NCASEF Legislative News

House Republicans Drop Debit Rule Repeal

Florida franchisees pose outside of the U.S. Capitol after a day of meetings with members of Congress. (L to R) Michael Jorgenson, Alan Harris, Teeto Shirajee.


Franchisees visited the U.S. Capitol on May 16 to help protect the Durbin Amendment, which rolled back debit card swipe fees charged on every transaction, translating to thousands of dollars saved per year per store.

According to the publication Politico, House Republican leaders have dropped language from a sweeping bank deregulation bill that would have eliminated a cap on debit card swipe fees, namely the Durbin Amendment, which franchisees supported and had a large part in passing. GOP leaders decided to remove the proposal from the nearly 600-page Financial CHOICE Act after confirming that it threatened support for the rest of the bill. The legislation, which would have repealed and replaced key parts of the landmark 2010 Dodd-Frank law, specifically the Durbin amendment, still is a top priority on the GOP’s agenda.

         Franchisees worked hard to get Durbin passed, and benefitted from the drop in debit card fees from 44 cents to 22 cents per transaction. Passing the Financial CHOICE Act with the Durbin language would have wiped out this effort. The House of Representatives on June 8 passed the measure on a virtual party line vote, but Capitol insiders believe it had virtually no chance of passing in the Senate.

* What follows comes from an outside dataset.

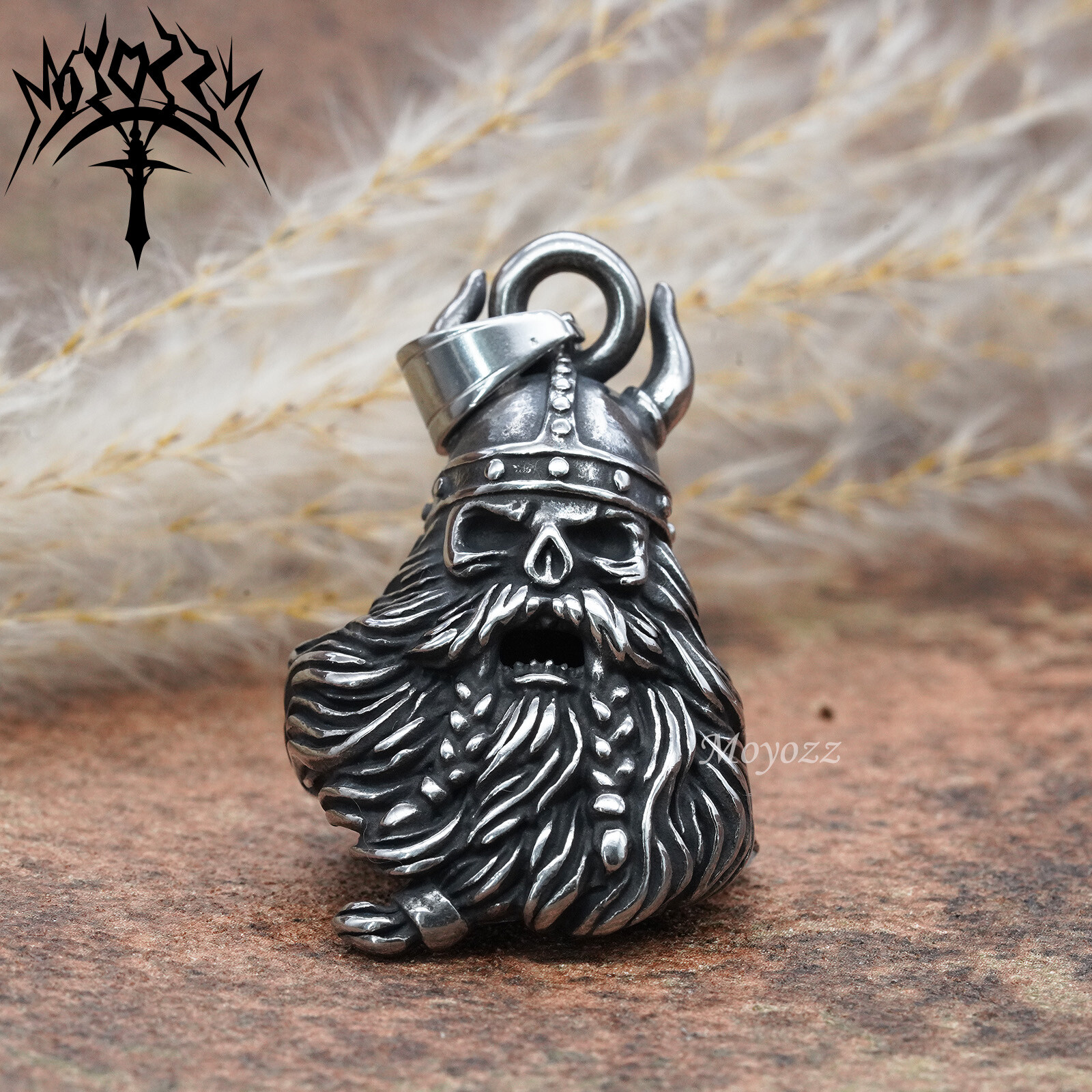 Viking Skull Head 3D Motorcycle Bell with Hanger for Biker & FREE Bell Hanger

$15 Federal Minimum Wage Bill Introduced

         Top congressional Democrats recently introduced legislation to raise the federal minimum wage to $15 an hour by 2024, up from its current level of $7.25, reported the Washington Examiner. The move marks a stark policy change for the party, which was promoting an increase to just $10.50 as recently as 2015. The legislation, called the Raise the Wage Act, would fully phase in the rate by 2024. It also would eliminate an exception for tipped workers. It has 35 co-sponsors in the Senate and 152 in the House.

         The measure is unlikely to go far in the Republican-controlled Congress, although some increase short of the $15 level is possible. President Trump has expressed openness to a level as high as $10, though at other times his comments suggested he would leave the level untouched.

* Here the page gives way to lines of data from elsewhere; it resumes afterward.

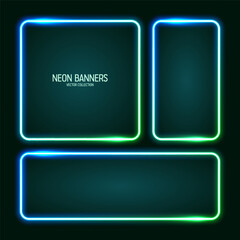 Glowing neon banners, illuminated colorful square frames. Shiny vibrant border, glow effect. Azure vintage retro lights, night illumination. Modern futuristic UI design elements. Vector illustration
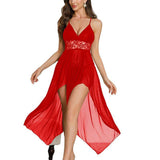 Sexy Lingerie Nightclub V-Neck Backless Sleeveless Strap Dress Polyester Lace Young Women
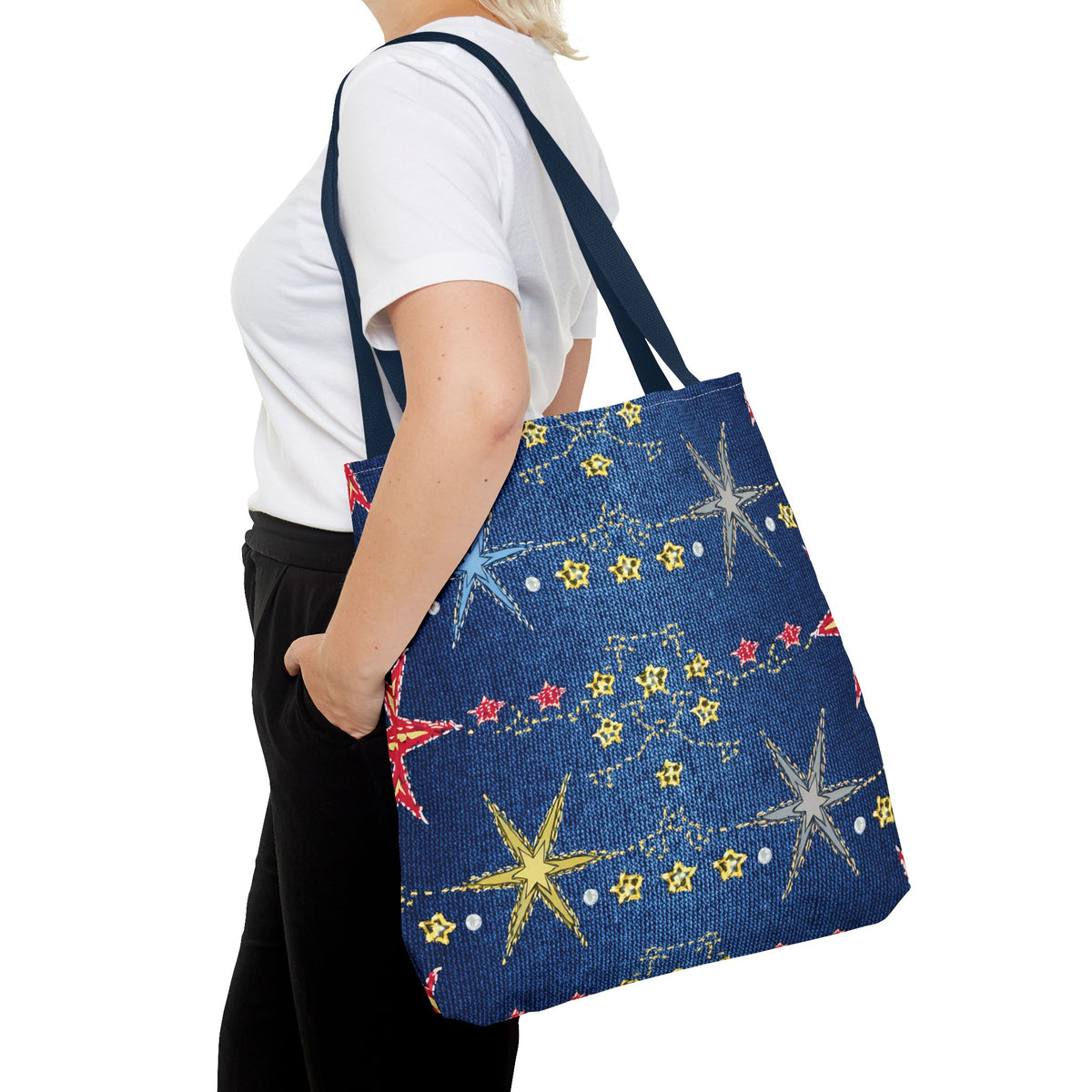 Denim Fabric Imitation Print Unisex Canvas Bag Poly Spun 3 Sizes Tote Bag 181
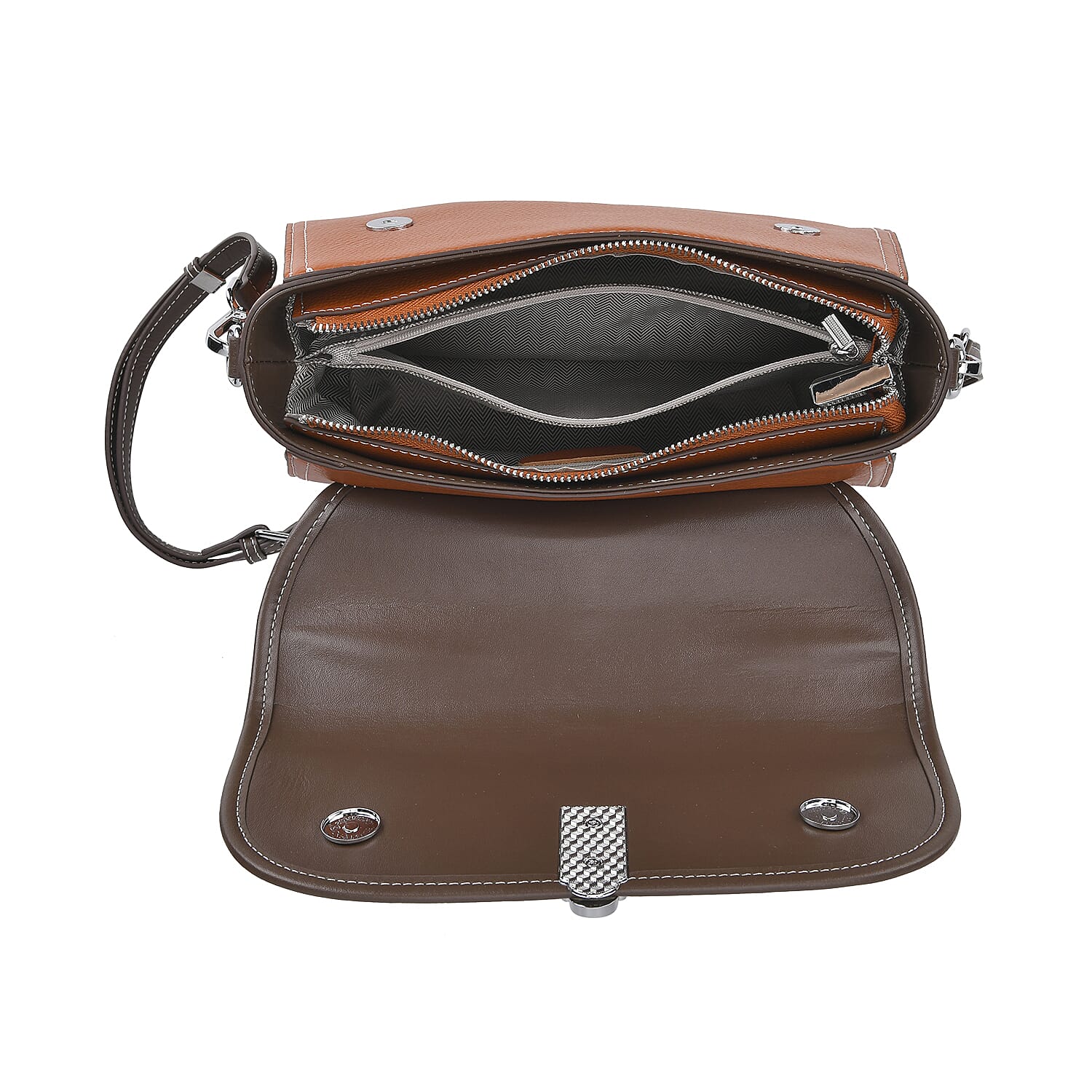 Leather Snakeskin Crossbody Bag (Size 26x12x22 cm) - Tan & Tan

Labor Department Rolls Back ‘Joint Employer’ Rule

         The U.S. Labor Department recently announced that it was rolling back an Obama administration rule that expanded the “joint employer” doctrine, the conditions for when one business can be held liable for employment and civil rights law violations at another company, reported the Washington Examiner. The move marks a win for business groups, which had staunchly opposed the Obama rule.

         However, despite the Labor Department’s reversal, the Obama-era standard can still be applied to businesses. The National Labor Relations Board, an independent agency that serves as the government’s main labor law enforcer, was the first agency to adopt the standard and has not rescinded its interpretation. President Trump has yet to pick nominees for the five-member board’s two open seats. Business groups said they would continue to push Congress to write the direct control standard into law.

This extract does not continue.